Wrought iron curiosity

Before signing up for a four-day, beginning blacksmithing class at Old West Forge, I called first with some questions.

“I need to learn about 19th century blacksmithing methods–I understand blacksmiths back then used to work with iron, and use a coal-burning forge?”

“We don’t use a power hammer here or anything like that,” Tim Middaugh said. “You’ll learn to forge by hand. But if you’re looking for iron, you’re not gonna find it here. We use steel stock, and propane forges.”

I went ahead and took the class, and got a lot out of it. And later I was able to see a coal forge in action when I visited Freidelsheim, Germany, so I didn’t feel as if I had lost out.

Still, I’ve always been a bit confused by the idea that wrought iron is no longer available. I ran across the same situation when I talked to Roger Shell at the Camlann Medieval Village about the “living history” blacksmith shop there.

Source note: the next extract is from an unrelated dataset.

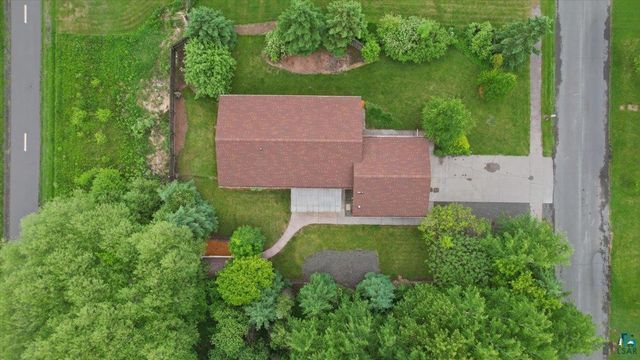 4119 E 1st St, Superior, WI 54880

“We’re thinking about forging an anvil,” Roger told me, “the way they were once made in medieval times. Trouble is, we have to wait until we collect enough iron. It’s not available anymore, so we have to get it off old junk, farm tools, that kind of thing.”

When my great-great-grandfather began his apprenticeship in 1857, I’m sure they were working with iron. Up until the end of the 19th century, it was the lifeblood of the blacksmith. Recently, I came across a terrific book called The Blacksmith: Ironworker and Farrier (Aldren A. Watson), about 19th century blacksmithing methods. The first chapter is about wrought iron, with simple and helpful definitions of various types of metal.

“Pure iron as such does not exist in a natural state. Rather, the constituents of iron are trapped in [iron] ore; in order to combine and release them, a smelting process is required. The smelting of iron ore yields a metal which always contains some carbon, the exact amount of which variously influences the characteristics of the finished iron. The more carbon it contains, the harder, more brittle, and more easily fractured it will be. Thus, cast iron is a variant of the metal which has a fairly high carbon content; iron with a moderate amount of carbon is a steel; and an iron with very little carbon in its final composition is wrought iron. … The smelting process used by New England ironmakers was an ancient one. Their wrought iron was still being made in individual, small batches by the direct process–a one-run-at-a-time method that produced blacksmith iron that could not be matched for forging qualities by any other method. This smelting process did not undergo any real change until nearly the end of the nineteenth century.”

A footnote is added, stating that the manufacturing of steel alloys has made wrought iron obsolete ” almost to the point of being a curiosity.”